*** Block opens ***
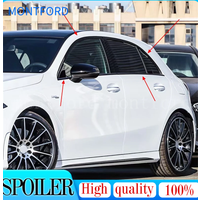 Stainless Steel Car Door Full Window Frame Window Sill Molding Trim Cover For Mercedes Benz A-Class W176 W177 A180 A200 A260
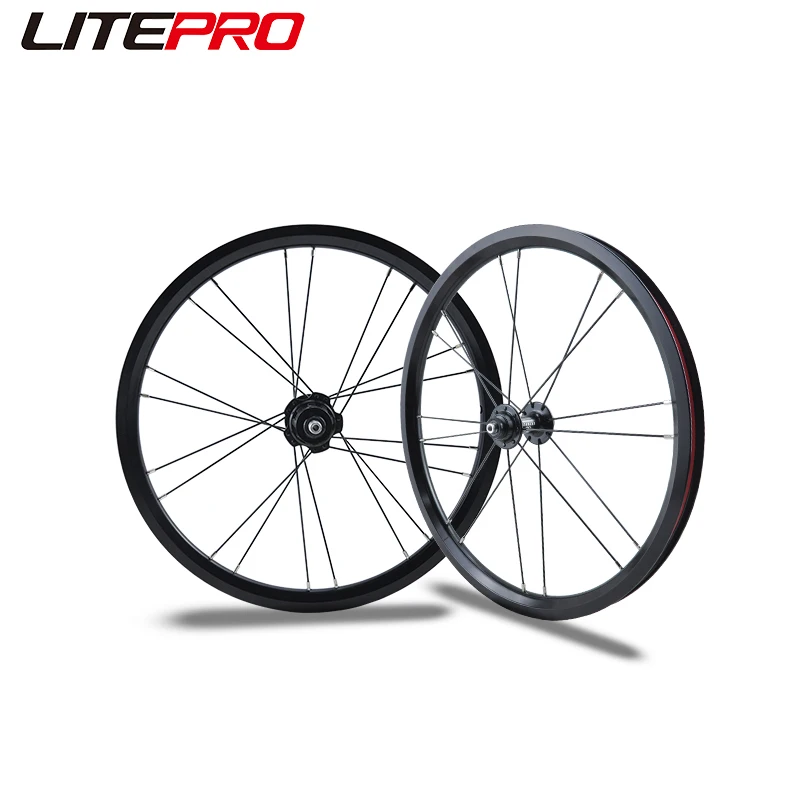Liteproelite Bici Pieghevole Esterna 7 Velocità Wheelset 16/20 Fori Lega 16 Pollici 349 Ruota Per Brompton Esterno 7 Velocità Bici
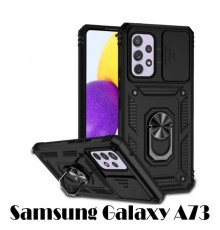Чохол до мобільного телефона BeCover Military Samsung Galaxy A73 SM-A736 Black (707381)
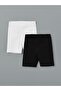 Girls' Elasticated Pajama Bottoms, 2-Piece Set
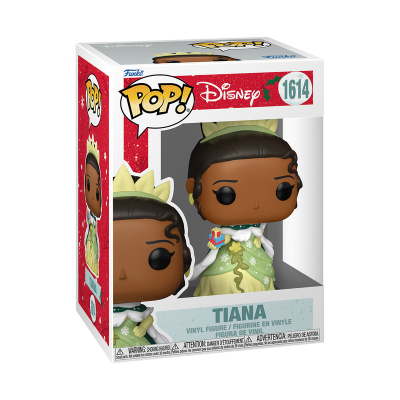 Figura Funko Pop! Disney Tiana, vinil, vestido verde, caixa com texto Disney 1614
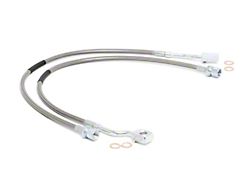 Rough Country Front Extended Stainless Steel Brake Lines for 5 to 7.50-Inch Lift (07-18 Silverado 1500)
*** Block closes ***
» **WHAT YOU HAVE TO DO**
Retype, word for word, only the line holding "Liteproelite Bici Pieghevole" and the lines after it through the final line of the listing above, and leave every picture out.

» **RESULT OF THIS TASK**
Liteproelite Bici Pieghevole Esterna 7 Velocità Wheelset 16/20 Fori Lega 16 Pollici 349 Ruota Per Brompton Esterno 7 Velocità Bici
Чохол до мобільного телефона BeCover Military Samsung Galaxy A73 SM-A736 Black (707381)
 Girls' Elasticated Pajama Bottoms, 2-Piece Set
 Figura Funko Pop! Disney Tiana, vinil, vestido verde, caixa com texto Disney 1614
 Rough Country Front Extended Stainless Steel Brake Lines for 5 to 7.50-Inch Lift (07-18 Silverado 1500)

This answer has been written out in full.